*** Opening Data excerpts ***

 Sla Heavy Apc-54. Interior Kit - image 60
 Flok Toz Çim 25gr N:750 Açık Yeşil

*** Closing Data excerpts ***
*** Opening Data excerpts ***

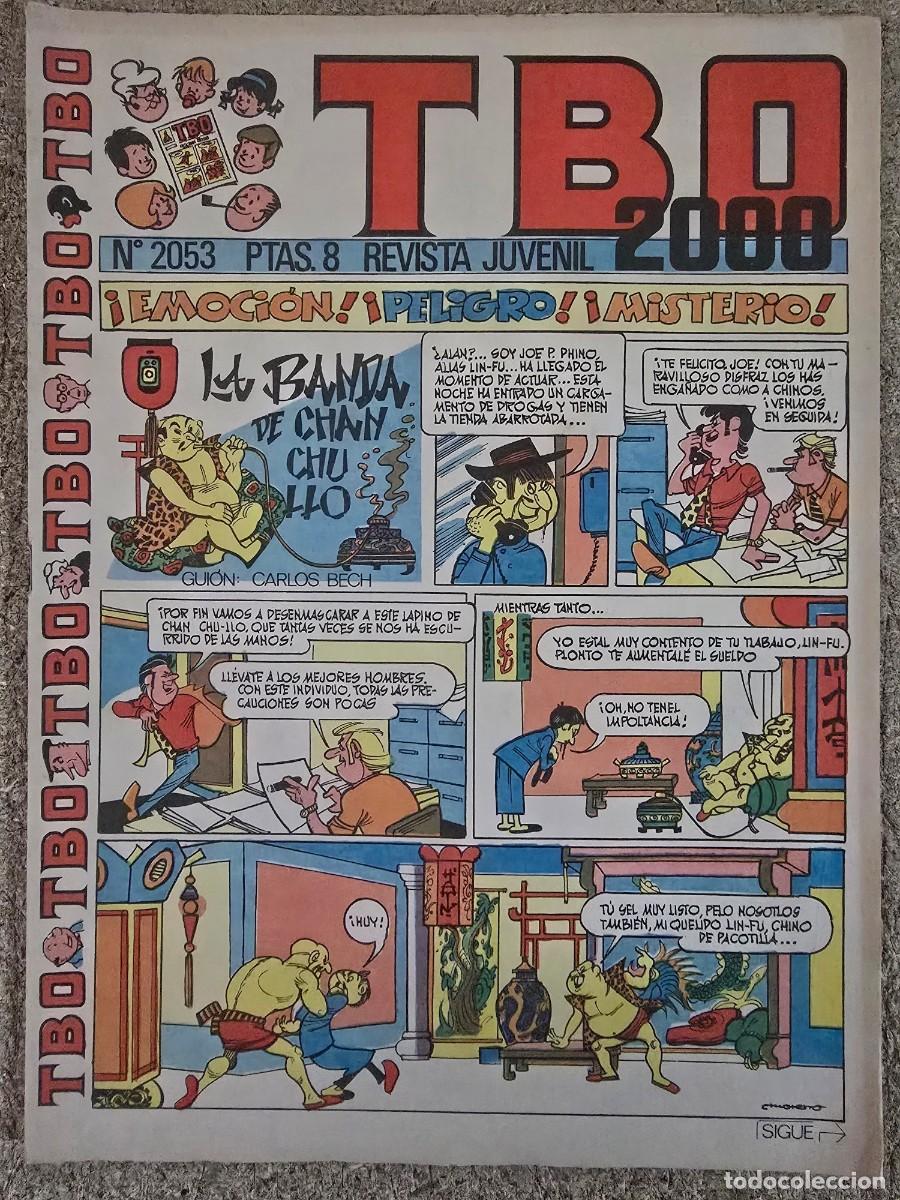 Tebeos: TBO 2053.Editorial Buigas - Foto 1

*** Closing Data excerpts ***

• [What needs to be done]: Only the lines above from the line with "Sla Heavy Apc-54. Interior Kit - image 60" to the line with "Flok Toz Çim 25gr N:750 Açık Yeşil", those two lines included, should be reproduced exactly.

• [Solved exercise]:
 Sla Heavy Apc-54. Interior Kit - image 60
 Flok Toz Çim 25gr N:750 Açık Yeşil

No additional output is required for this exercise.